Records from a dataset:

>>>

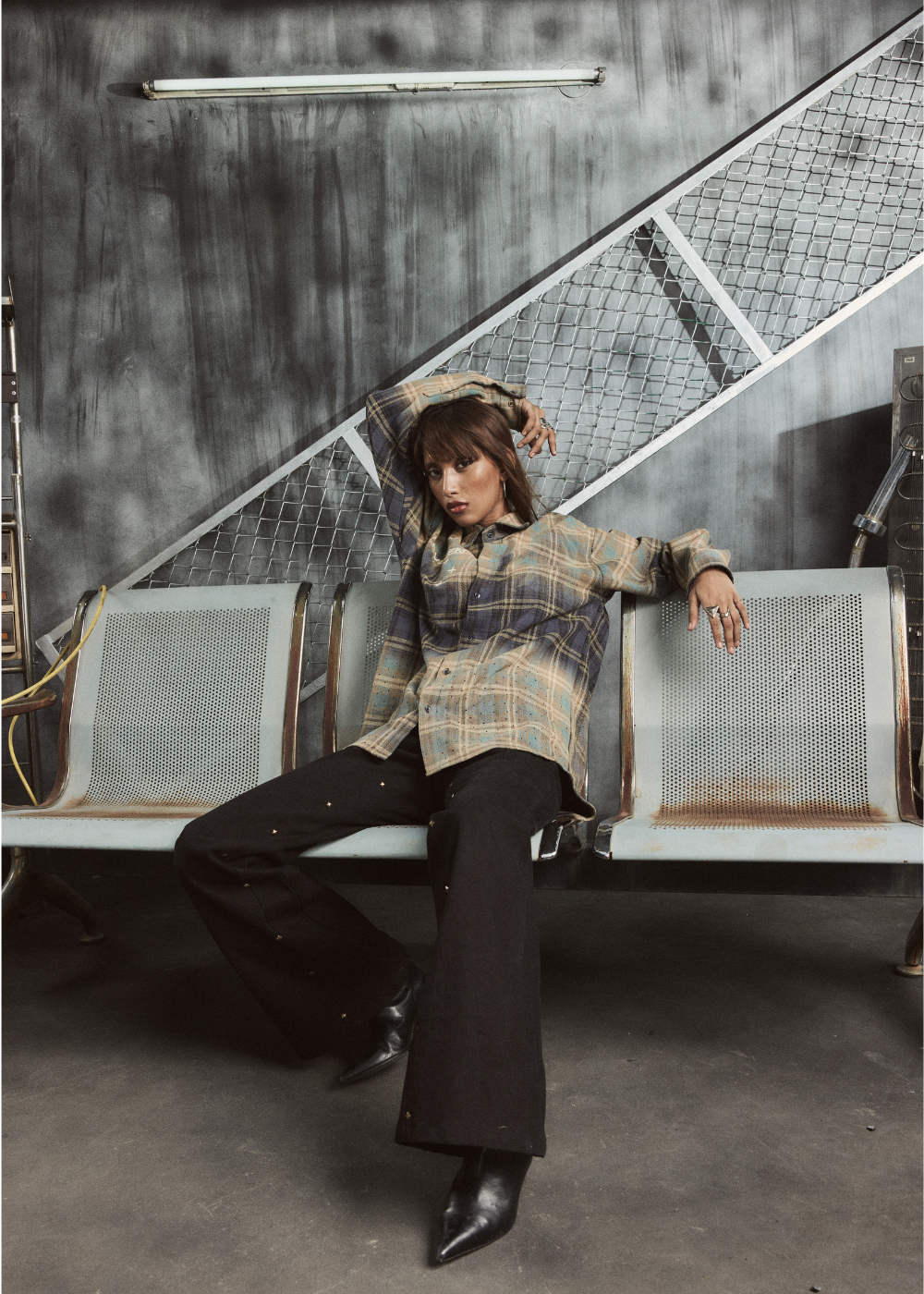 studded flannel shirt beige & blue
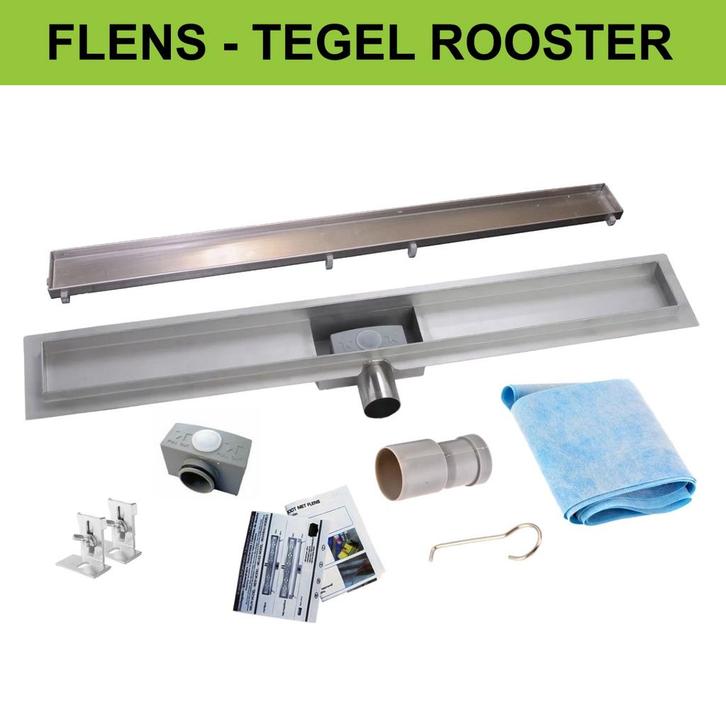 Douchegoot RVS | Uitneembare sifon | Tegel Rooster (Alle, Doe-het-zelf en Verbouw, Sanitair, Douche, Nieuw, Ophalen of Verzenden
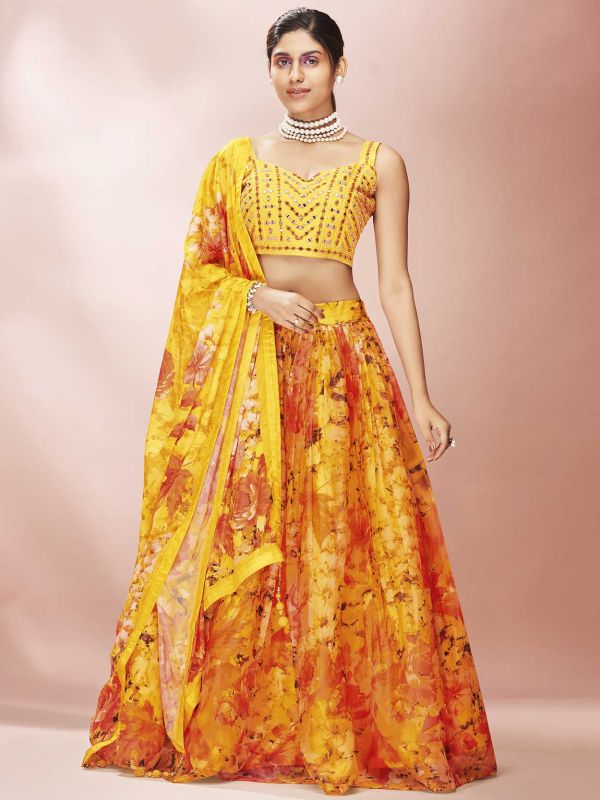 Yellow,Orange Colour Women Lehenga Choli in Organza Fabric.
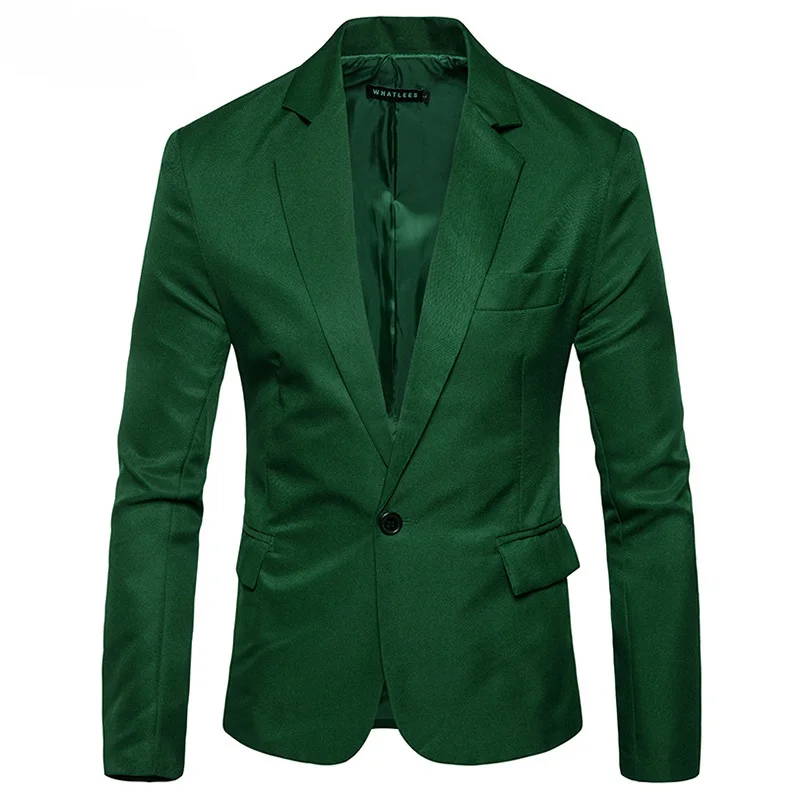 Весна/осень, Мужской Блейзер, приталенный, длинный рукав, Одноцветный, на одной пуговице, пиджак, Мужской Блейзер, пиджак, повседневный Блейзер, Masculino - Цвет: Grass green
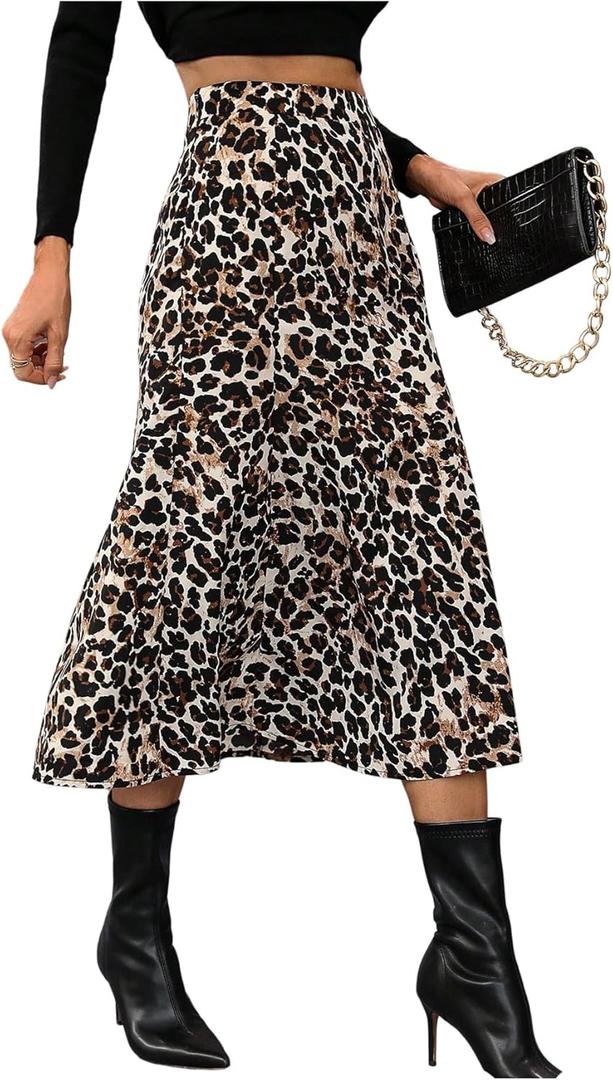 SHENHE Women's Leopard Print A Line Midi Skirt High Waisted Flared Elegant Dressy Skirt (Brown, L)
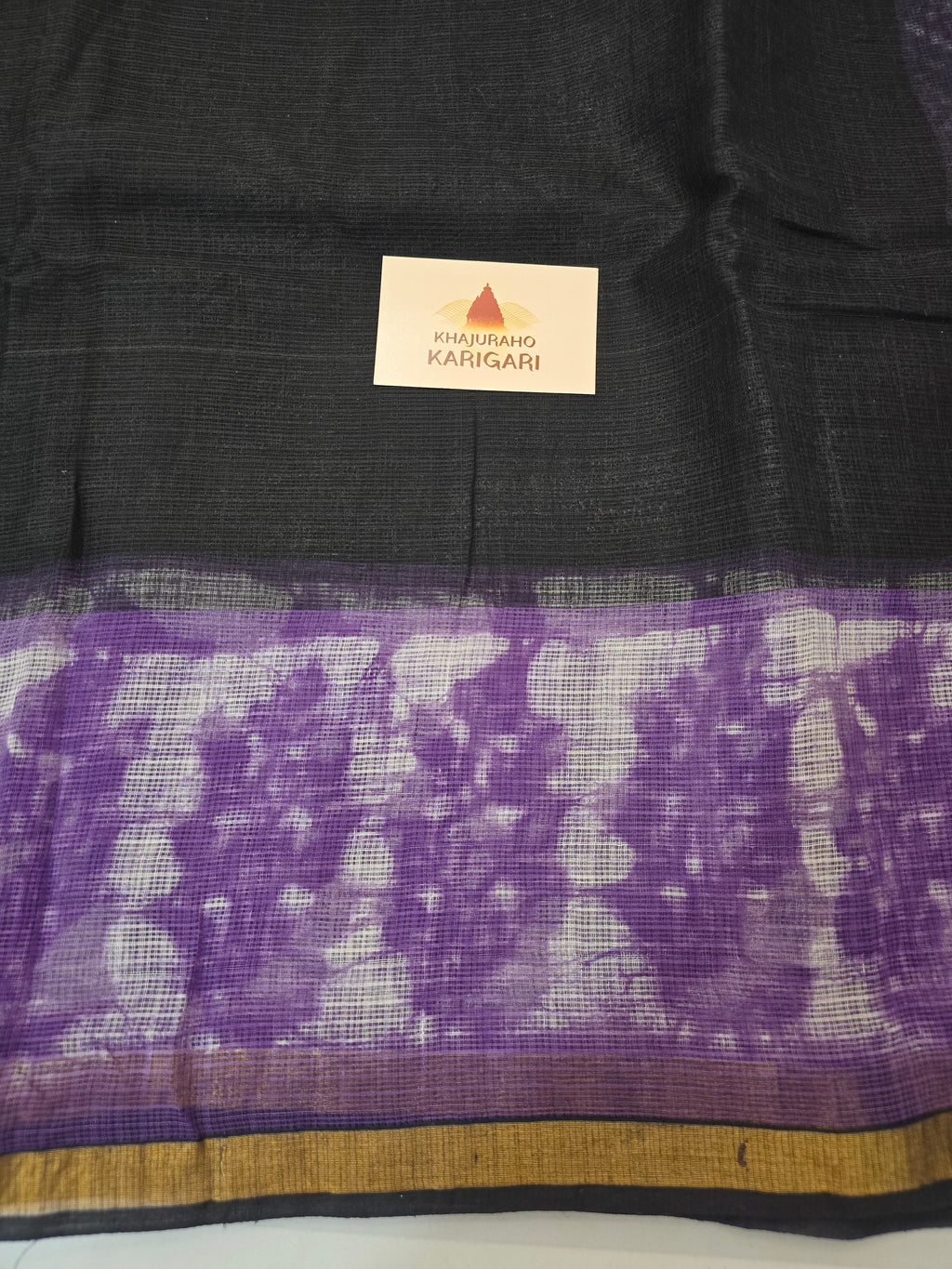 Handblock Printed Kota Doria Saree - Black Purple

<<<

# What is required:
Print exactly the first line of the entries and every line after it through the one that contains "Yellow,Orange Colour Women", leaving the pictures out.

# Result:
 studded flannel shirt beige & blue
 Douchegoot RVS | Uitneembare sifon | Tegel Rooster (Alle, Doe-het-zelf en Verbouw, Sanitair, Douche, Nieuw, Ophalen of Verzenden
 Yellow,Orange Colour Women Lehenga Choli in Organza Fabric.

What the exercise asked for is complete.